My guess is that x is never initialized, so in dfs when you set x[v]^=x[parent], for v = 1, parent is 0, and x[0] could be some garbage value.

Tell me if it still doesn’t work after fixing that.

Since x[] is a global array, x[0] must be 0 instead of garbage value, so for x[0]=0 we should get x[1] as the the value of vertex itself. I added x[0]=0 in my code in the test case loop but still got a WA…

Huh, sorry, didn’t know that about global arrays.

Maybe your segment tree is wrong? I’ve never seen a condition like if (l==tl && r==tr) before, the typical thing to do would be to check if the tree’s interval is fully inside or outside the query’s interval.

Also, I’m not giving up, but it’s generally a good idea to learn the binary lifting version (it has more applications), and I’ve never had a situation where euler tour was necessary over binary lifting.

I have used the implementation of my segment tree as in here: https://cp-algorithms.com/data_structures/segment_tree.html under the implementation header. (l==tl && r==tr) checks if the segment overlaps or not, then we accordingly go left or right. I tried debugging my segment tree quite many times but it seems to work well…
Why prefer binary lift over euler tour, is it easier to code or other reasons?

So I copied your exact code but modified it to instead use my (working) LCA template, and it was accepted. I am currently trying to figure out why.

I guess cp-algorithms is right (unless it isn’t), I didn’t consider how the min and max would change stuff.

Binary lifting has more uses so it’s more useful to understand (such as static O(\log{n}) path RMQ). Ideally, it being easy to code shouldn’t matter as you can mostly template everything, but yes, I find it easier to implement than a segment tree.

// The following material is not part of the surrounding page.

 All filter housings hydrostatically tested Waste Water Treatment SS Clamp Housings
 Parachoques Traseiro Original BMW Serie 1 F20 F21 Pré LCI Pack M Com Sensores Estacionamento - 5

If it worked with your template, the problem must be with the segment tree itself I guess… found no luck yet though figuring out WA for this. And sure I’ll look into binary lifting more

@galencolin Any luck yet? Also do you think it’d be appropriate to seek out help on stackoverflow for questions like these?

Finally figured out the problem!
At line number 9, the size of the segment tree should be 4*(2siz-1)+1 not 4siz+1, since euler tour visits 2*n-1 nodes. Codechef judge should have given me RE instead of a WA, don’t know why it doesn’t. Would have saved hours.